In June, 1866, the Professorship of Poetry at Oxford was vacant; and Ruskin’s friends were anxious to see him take the post. He, however, felt no especial fitness or inclination for it, and did not stand. Three years later he was elected to a Professorship that at this time had not been founded.

After spending June in the Oberland, he went homewards through Berne, Vevey and Geneva, to find his private secretary with a bundle of begging letters, and his friend Carlyle busy with the defence of Governor Eyre.

In 1865 an insurrection of negroes at Morant Bay, Jamaica, had threatened to take the most serious shape, when it was stamped out by the high-handed measures of Mr. Eyre. After the first congratulations were over another side to the question called for a hearing. The Baptist missionaries declared that among the negroes who were shot and hanged _in terrorem_ were peaceable subjects, respectable members of their own native congregations, for whose character they could vouch; they added that the gravity of the situation had been exaggerated by private enmity and jealousy of their work and creed. A strong committee was formed under Liberal auspices, supported by such men as John Stuart Mill and Thomas Hughes, the author of “Tom Brown’s Schooldays”–men whose motive was above suspicion–to bring Mr. Eyre to account.

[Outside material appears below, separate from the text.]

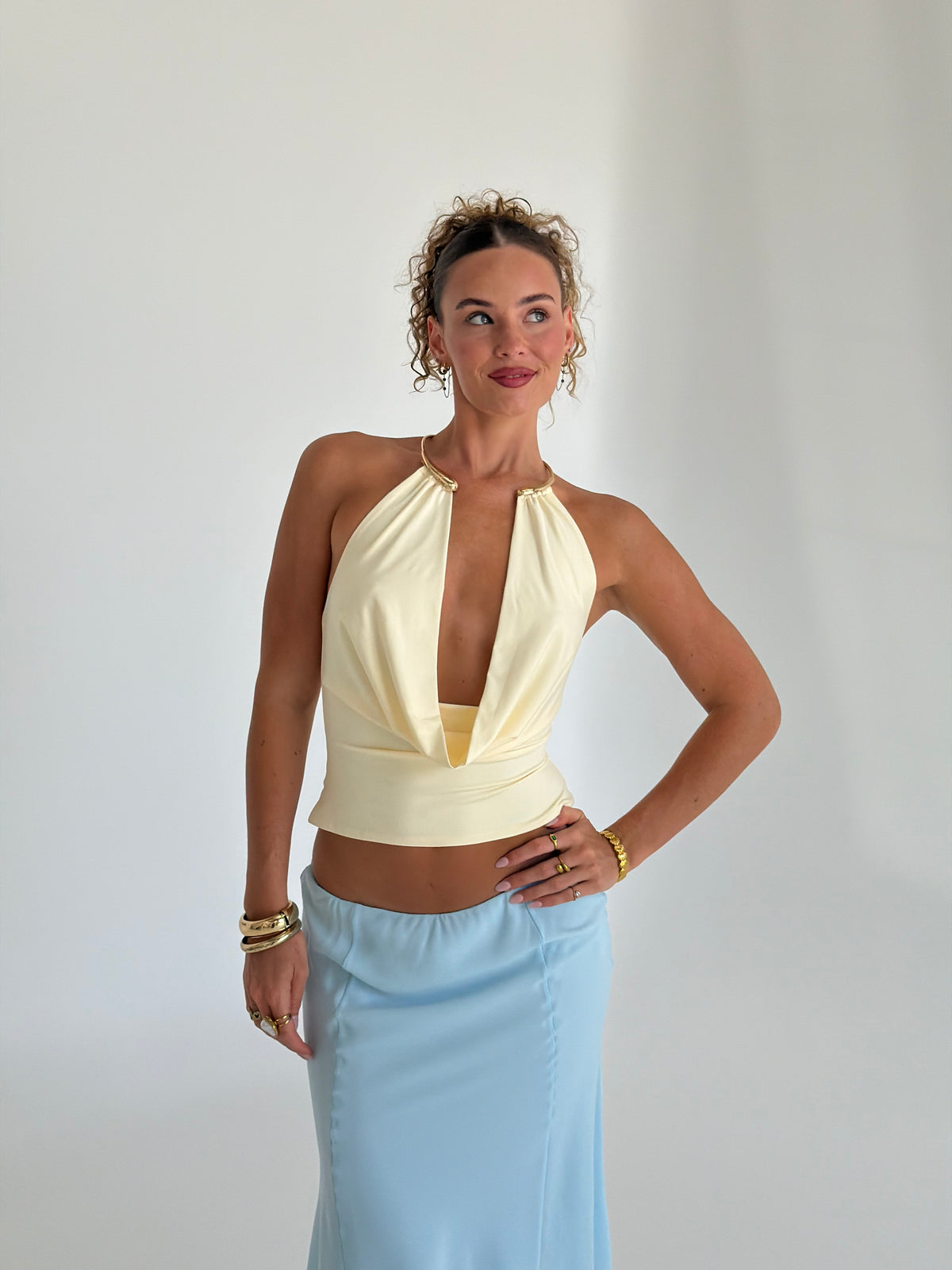 Honey Halter Top - Yellow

Carlyle, who admired the strong hand, and had no interest in Baptist missionaries, accepted Mr. Eyre as the saviour of society in his West Indian sphere; and there were many, both in Jamaica and at home, who believed that, but for his prompt action, the white population would have been massacred with all the horrors of a savage rebellion. Ruskin had been for many years the ally of the Broad Church and Liberal party. But he was now coming more and more under the personal influence of Carlyle; and when it came to the point of choosing sides, declared himself, in a letter to the _Daily Telegraph_ (December 20th, 1865), a Conservative and a supporter of order; and joined the Eyre Defence Committee with a subscription of L100. The prominent part he took, for example, in the meeting of September, 1866, was no doubt forced upon him by his desire to save Carlyle, whose recent loss and shaken nerves made such business especially trying to him. Letters of this period remain, in which Carlyle begs Ruskin to “be diligent, I bid you!”–and so on, adding, “I must absolutely _shut up_ in that direction, to save my sanity.” And so it fell to the younger man to work through piles of pamphlets and newspaper correspondence, to interview politicians and men of business, and–what was so very foreign to his habits–to take a leading share in a party agitation.

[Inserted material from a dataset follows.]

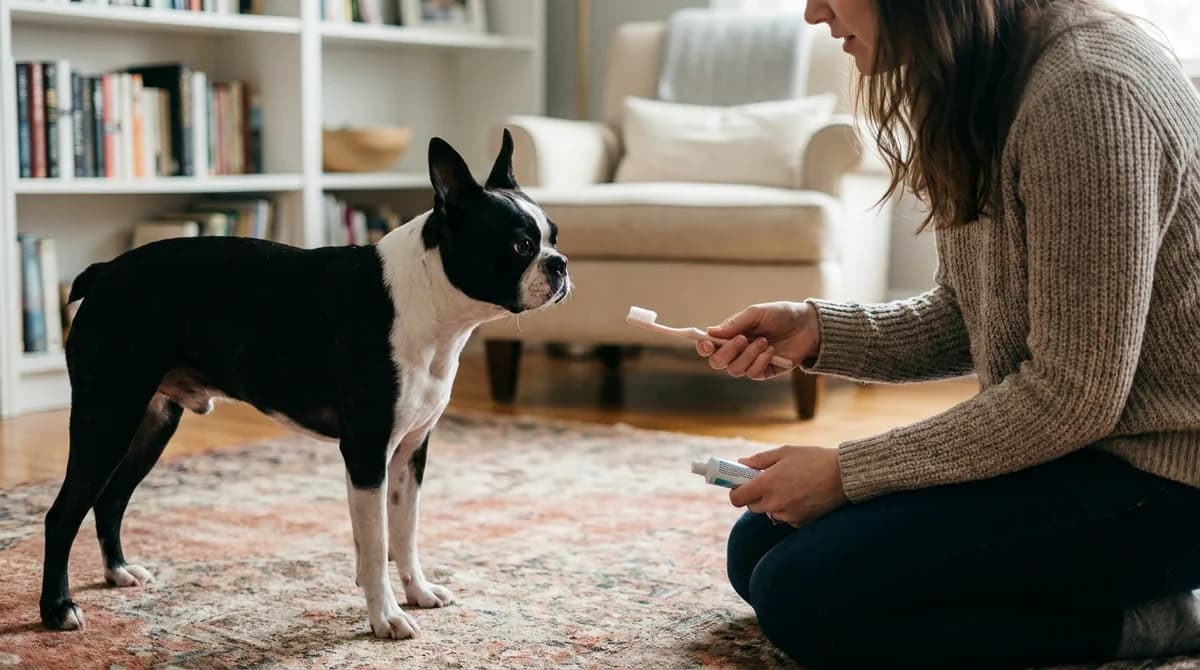 An adult introducing a pet toothbrush to a Boston Terrier standing nearby.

But in all this he was true to his Jacobite instincts. He had been brought up a Tory; and though he had drifted into an alliance with the Broad Church and philosophical Liberals, he was never one of them. Now that his father was gone, perhaps he felt a sort of duty to own himself his father’s son; and the failure of liberal philanthropy to realise his ideals, and of liberal philosophy to rise to his economic standards, combined with Carlyle to induce him to label himself Conservative. But his conservatism could not be accepted by the party so called. Fortunately, he did not need or ask their recognition. He took no interest in party politics, and never in his life voted at a Parliamentary election. He only meant to state in the shortest terms that he stood for loyalty and order.

CHAPTER VII

“TIME AND TIDE” (1867)

The series of letters published as “Time and Tide by Weare and Tyne” were addressed[13] to Thomas Dixon, a working cork-cutter of Sunderland, whose portrait by Professor Legros is familiar to visitors at the South Kensington Museum. He was one of those thoughtful, self-educated working men in whom, as a class, Ruskin had been taking a deep interest for the past twelve years, an interest which had purchased him a practical insight into their various capacities and aims, and the right to speak without fear or favour. At this time there was an agitation for Parliamentary reform, and the better representation of the working classes; and it was on this topic that the letters were begun, though the writer went on to criticise the various social ideals then popular, and to propose his own. He had already done something of the sort in “Unto this Last”; but “Time and Tide” is much more complete, and the result of seven years’ further thought and experience. His “Fors Clavigera” is a continuation of these letters, but written at a time when other work and ill health broke in upon his strength. “Time and Tide” is not only the statement of his social scheme as he saw it in his central period, but, written as these letters were–at a stroke, so to speak–condensed in exposition and simple in language, they deserve the most careful reading by the student of Ruskin.